• _ACTION ITEM_: All records, minus the pictures: write them out exactly.

• _GIVEN DATA_:
┌──
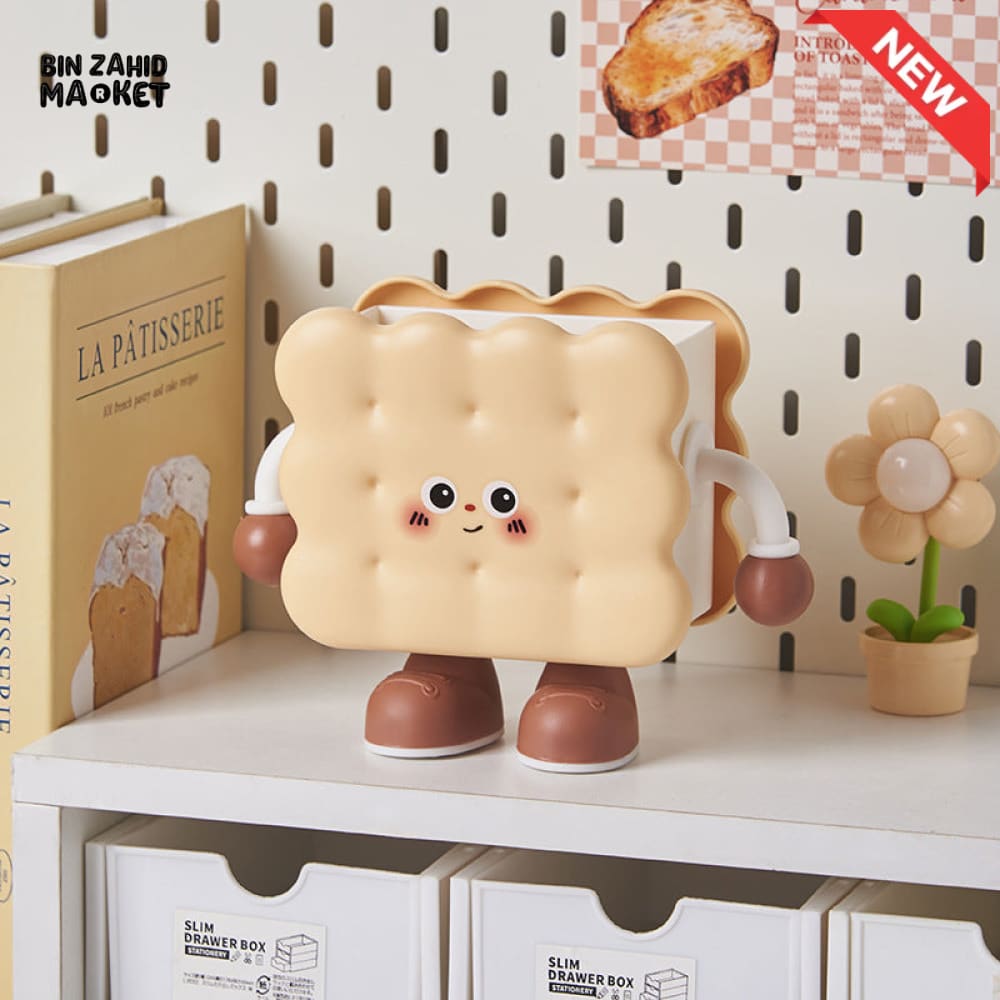 CARTOON COOKIE DESK ORGANIZER & PEN HOLDER STORAGE BOX - Biscuit
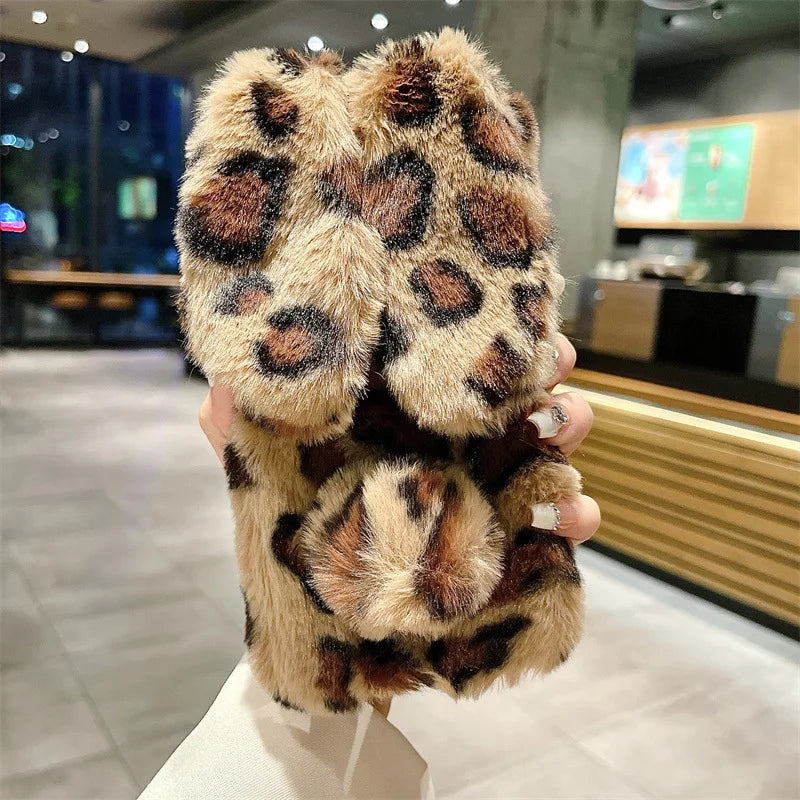 Cute Cartoon Leopard Print Bunny Fur Plush Phone Case For iPhone 17 Air 16 13 12 11 Pro Max XS XR X 7 8 Plus Shockproof Cover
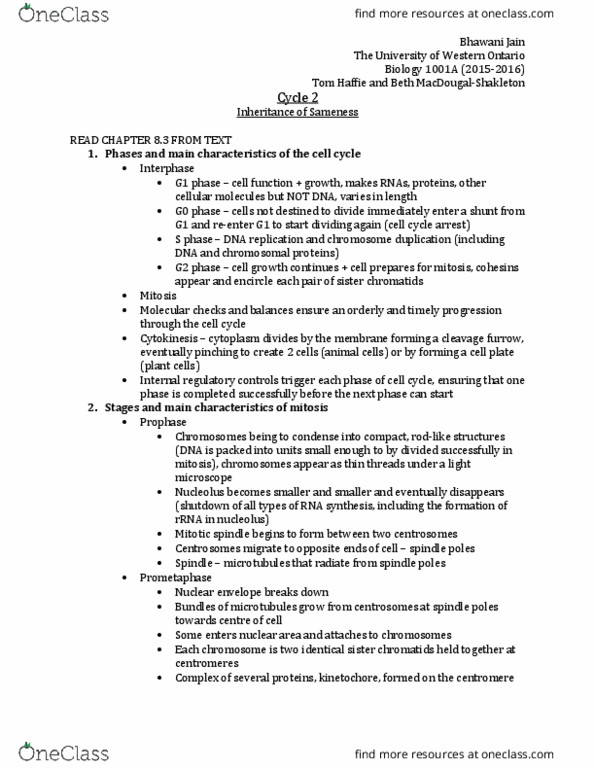 Biology 1001A Chapter Notes - Chapter 8: Dna Ligase, Helicase, Lethal Consequences thumbnail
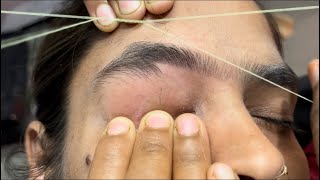 Full growth eyebrow threading  1st time eyebrow threading eyebrowtutorial [upl. by Leira]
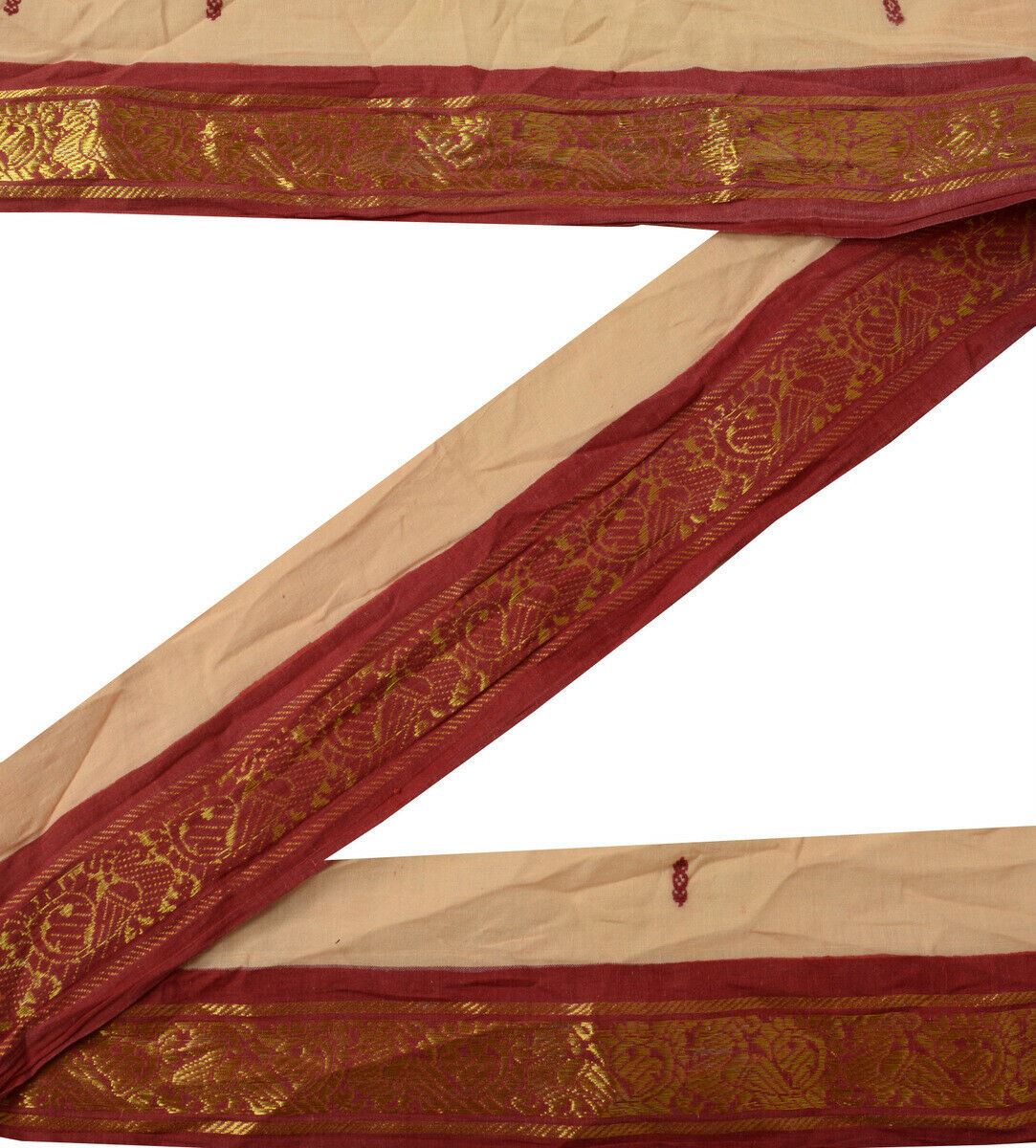 Antique Vintage Saree Border Indian Craft Trim Woven Zari Peacock Maroon Ribbon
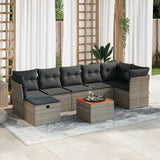 vidaXL 8-Piece Poly Rattan Lounge Set with Cushions Black
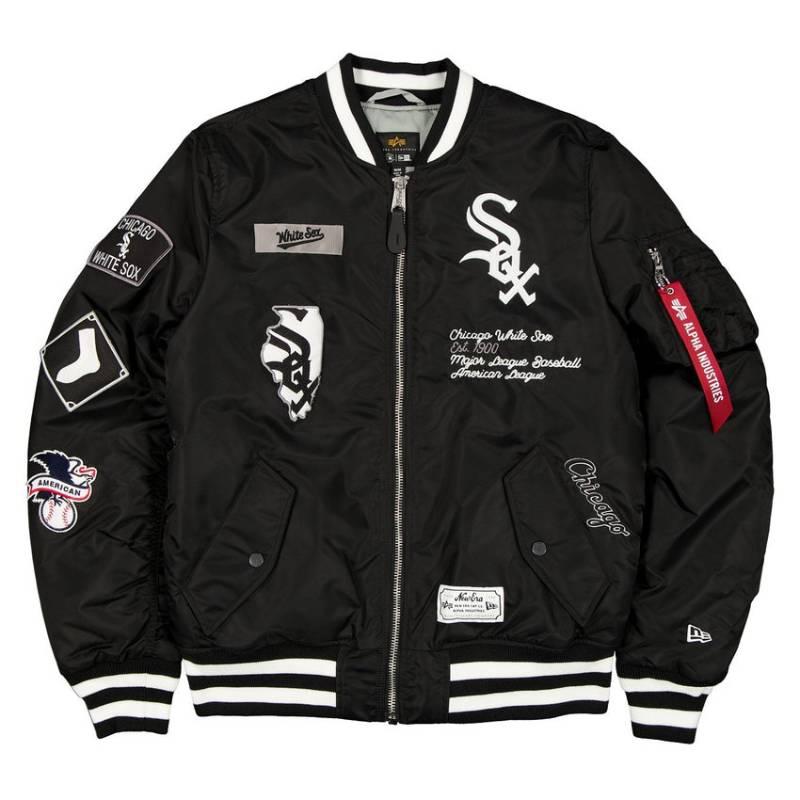MLB公式 メンズ アウター ジャケット MA-1 スタジャン ボンバージャケット ジャンパー シカゴ・ホワイトソックス Chicago White Soxの画像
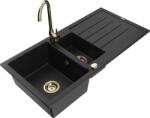 Mexen Andres chiuvetă de granit 1, 5-camere cu picurător și baterie de bucătărie Telma, negru - 6515-77-670200-50 (6515-77-670200-50)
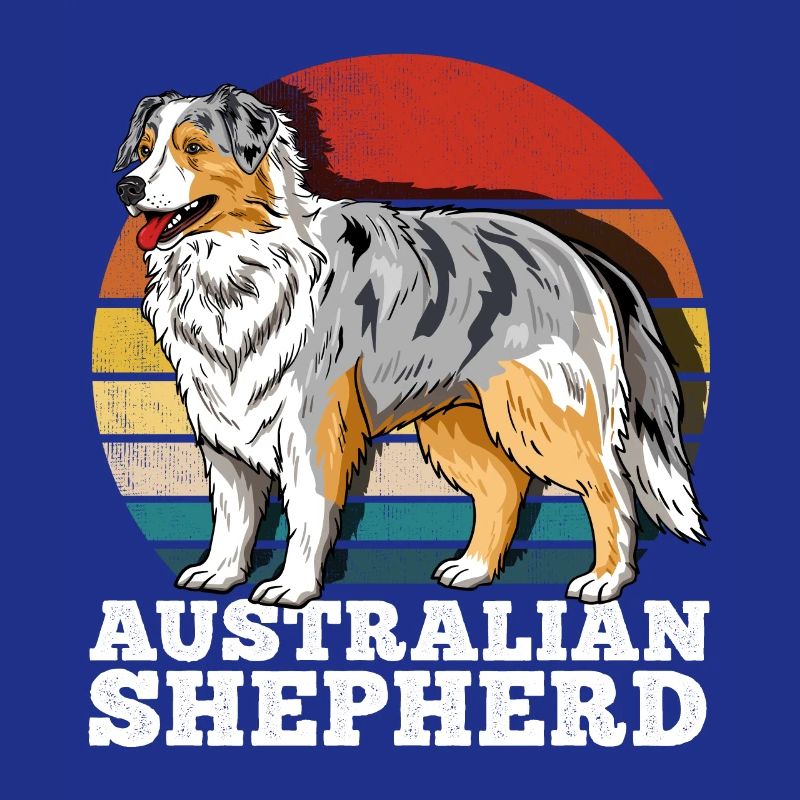 Australian Shepherd Aussie Retro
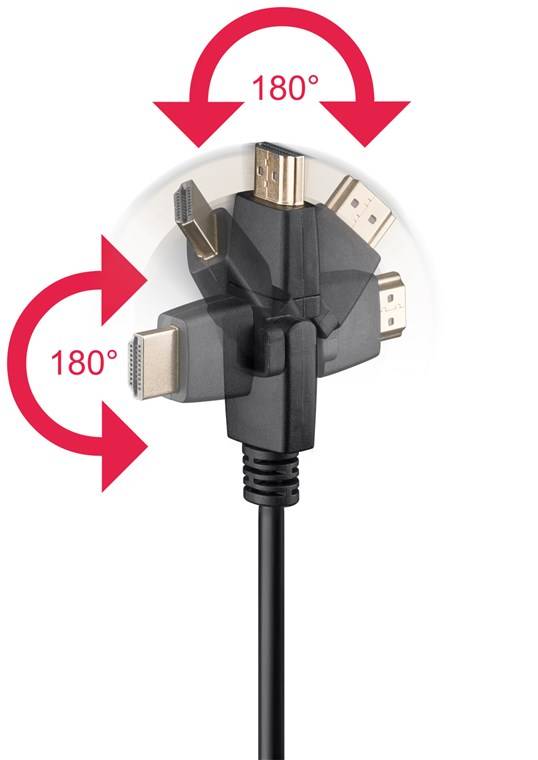40x Goobay 61289 Standard High-Speed-HDMI™-360°-Kabel mit Ethernet, 3 m, Schwarz - 4K/60Hz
└──
• _FINISHED TASK_:
 CARTOON COOKIE DESK ORGANIZER & PEN HOLDER STORAGE BOX - Biscuit
 Cute Cartoon Leopard Print Bunny Fur Plush Phone Case For iPhone 17 Air 16 13 12 11 Pro Max XS XR X 7 8 Plus Shockproof Cover
 Biology 1001A Chapter Notes - Chapter 8: Dna Ligase, Helicase, Lethal Consequences thumbnail
 Full growth eyebrow threading  1st time eyebrow threading eyebrowtutorial [upl. by Leira]
 Antique Vintage Saree Border Indian Craft Trim Woven Zari Peacock Maroon Ribbon
 vidaXL 8-Piece Poly Rattan Lounge Set with Cushions Black
MLB公式 メンズ アウター ジャケット MA-1 スタジャン ボンバージャケット ジャンパー シカゴ・ホワイトソックス Chicago White Soxの画像
 Mexen Andres chiuvetă de granit 1, 5-camere cu picurător și baterie de bucătărie Telma, negru - 6515-77-670200-50 (6515-77-670200-50)
 Australian Shepherd Aussie Retro
40x Goobay 61289 Standard High-Speed-HDMI™-360°-Kabel mit Ethernet, 3 m, Schwarz - 4K/60Hz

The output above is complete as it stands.